Patients should always check that suppliers are registered with the GPhC. Only a GPhC-registered pharmacy can ensure:

  • Safe storage and supply standards

  • Professional accountability

  • Access to appropriate medical oversight

The cheapest option is rarely the safest. True value lies in proper prescribing, clinical support and sustainable health outcomes.

A holistic approach to weight, skin and confidence

Weight loss medication can be a highly effective medical tool when used responsibly but it is only one part of a much bigger picture. Sustainable weight loss is not just about reducing body weight. It is about health, strength, skin quality and confidence.

One of the most overlooked challenges of weight loss, particularly when it happens quickly or without adequate support, is skin laxity. As weight reduces, the skin does not always tighten at the same pace, especially as collagen production naturally declines with age. This can leave people feeling disappointed even when weight loss goals are achieved.

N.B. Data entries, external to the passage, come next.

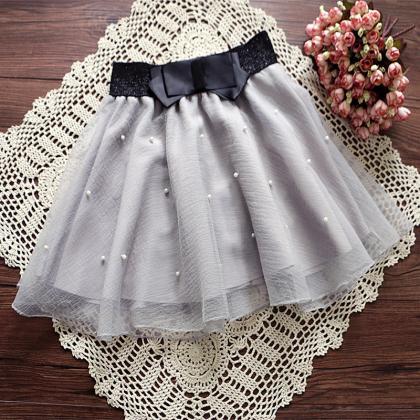 Pretty Cute Tulle Skirts, Skirts, Summer Skirts..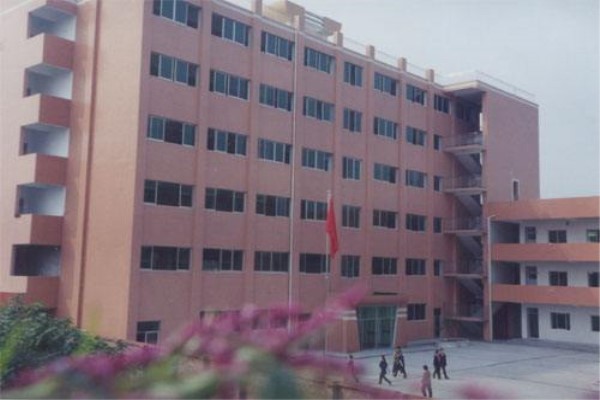 成都職業(yè)學(xué)校怎么樣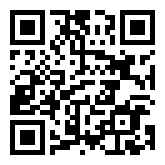 http://yunzhikong.cn/new/112.html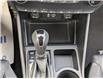 2018 Hyundai Tucson Premium 2.0L (Stk: 13502A) in Smiths Falls - Image 17 of 20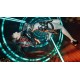 Stellar Blade Complete Edition PC Steam CD Key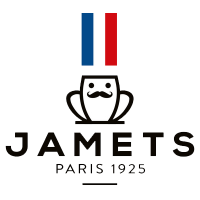 Drawing House - Jamets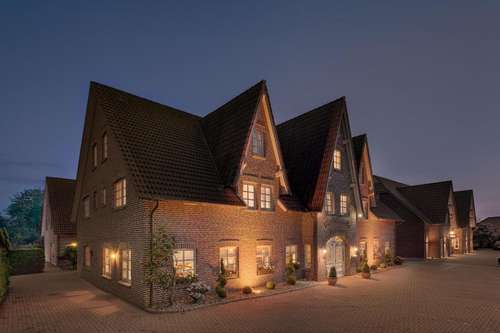 www.romantik-hof.de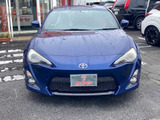 86 2.0 GT 
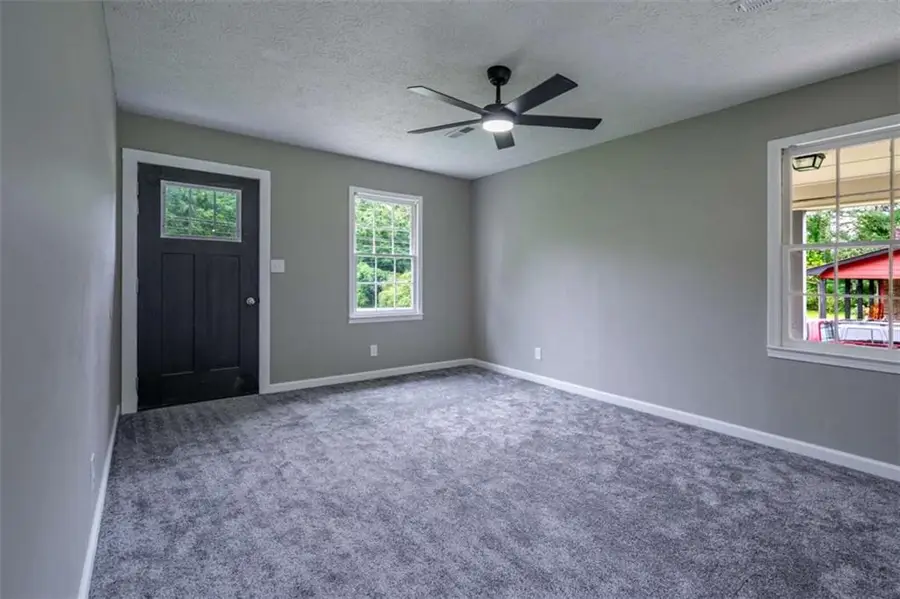 5598 Fosters Mill Road, Cave Spring, GA 30124 - #3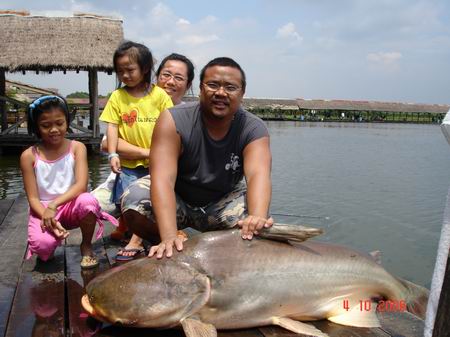 ขนาดนี้พอใหวไหมครับ :love: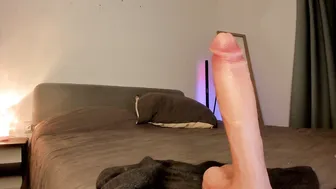 Itsbellax cam show 06-05-2026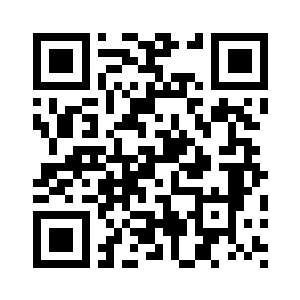 不但精通华夏传统中医二维码生成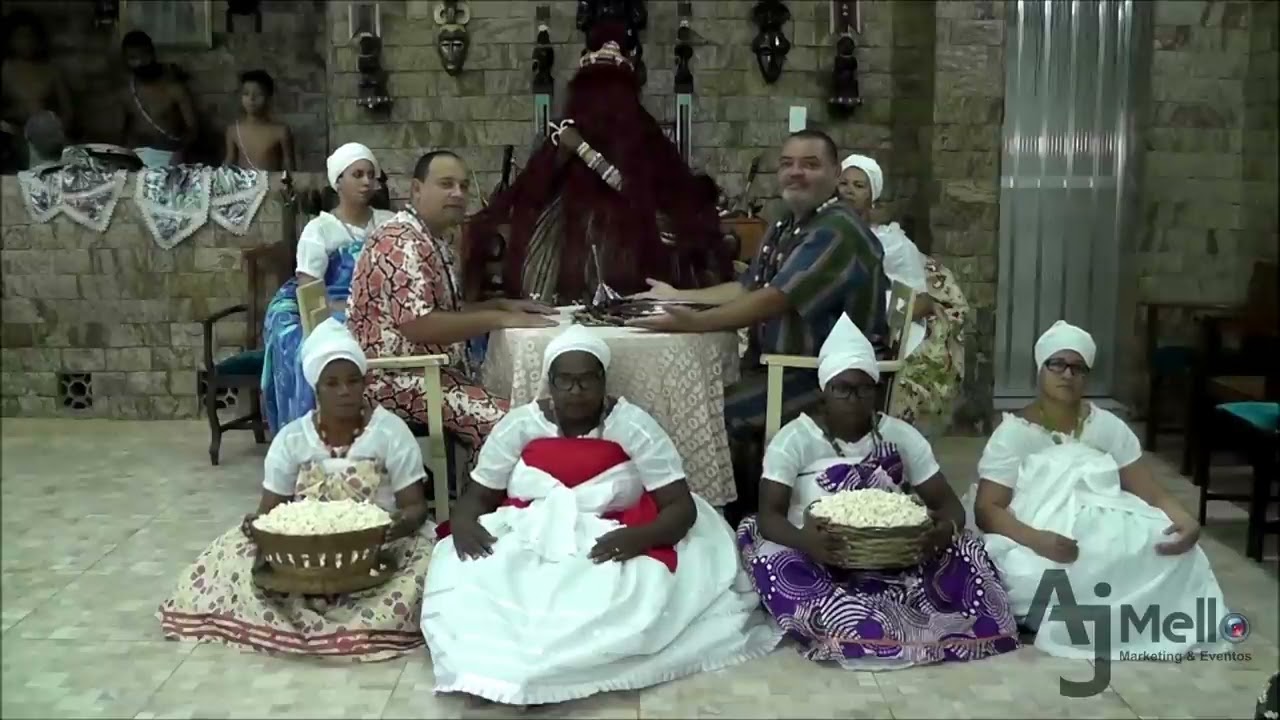 Resultado de imagen para olubaje imperio da tijuca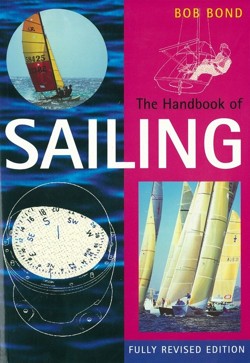 The Handbook of Sailing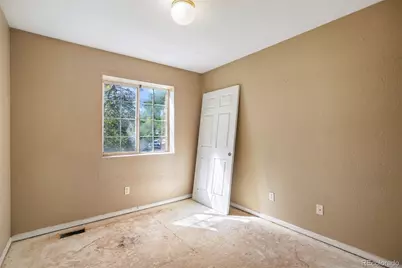 1217 W 85th Avenue, Federal Heights, CO 80260 - Photo 21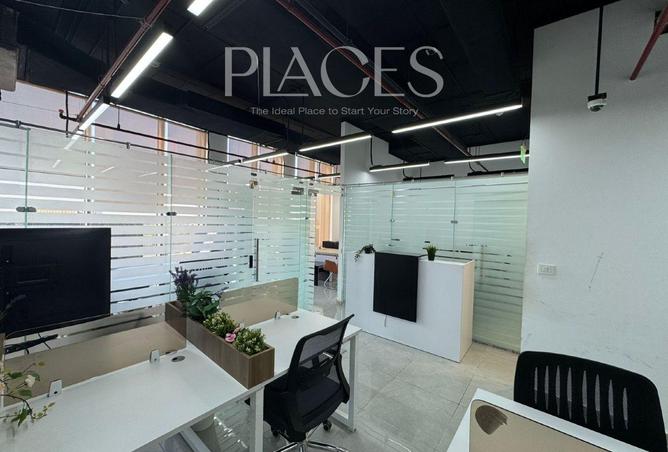 52451559 - Property Image 2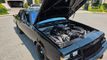 1986 Buick Regal T-Type Pro Street For Sale  - 23049113 - 64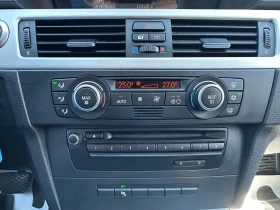 BMW 320 2.0d 177 к.с. , снимка 13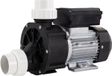 LIVIN' Spa Pomp LX JA50 - Whirlpools - Spa Circulatiepomp JA50 - 0,5 PK - 230V - 1,5 Inch Aansluiting - 35 x 17,5 x 25 CM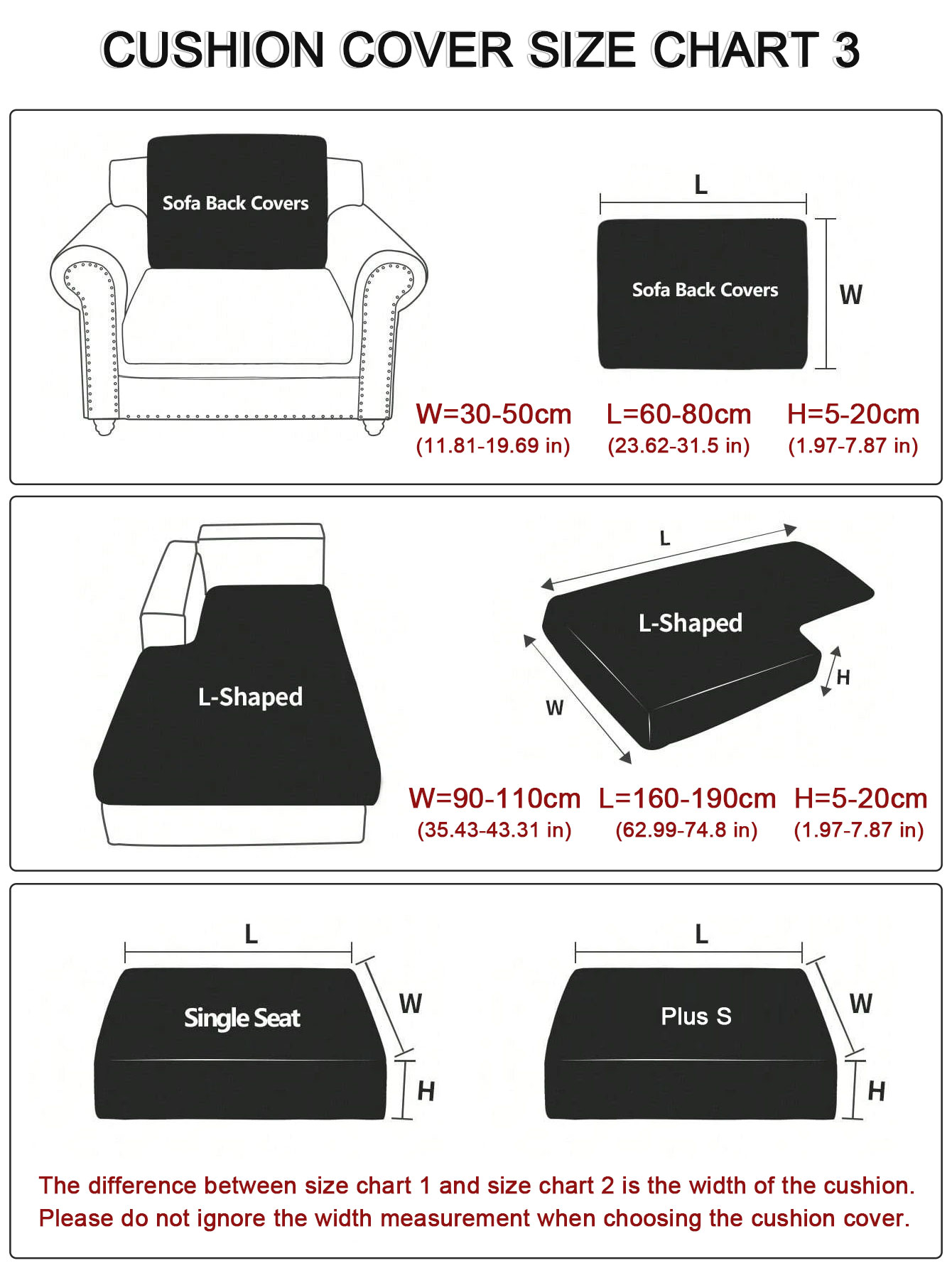 Sarung bantal Sofa tahan air a - Outdoor Furniture No Cushions ulasan dan harga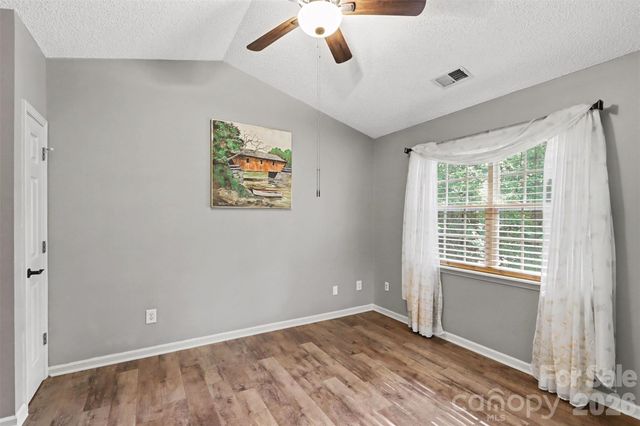 10150 Frosty Lane, Charlotte, NC 28216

For this reason, weight management must be approached holistically. Supporting nutrition, preserving muscle mass and actively addressing skin health are essential. The goal is not simply to weigh less, but to feel well in your body, confident in your appearance and comfortable in your skin.

As a result, after careful consideration, we have made the decision to no longer offer weight loss medication as a standalone treatment. Instead, it is incorporated, where clinically appropriate, into comprehensive weight management and skin treatment plans. This allows us to support firmness, elasticity and long-term skin quality alongside safe, medically led weight reduction.

When weight loss is guided properly, supported nutritionally and approached with genuine care, the outcome is not just a change on the scales. It is feeling strong, healthy and confident, sustaining a weight that feels right for you and seeing that reflected in how you look, feel and live every day.

This is the holistic approach that The Secret Garden was founded on.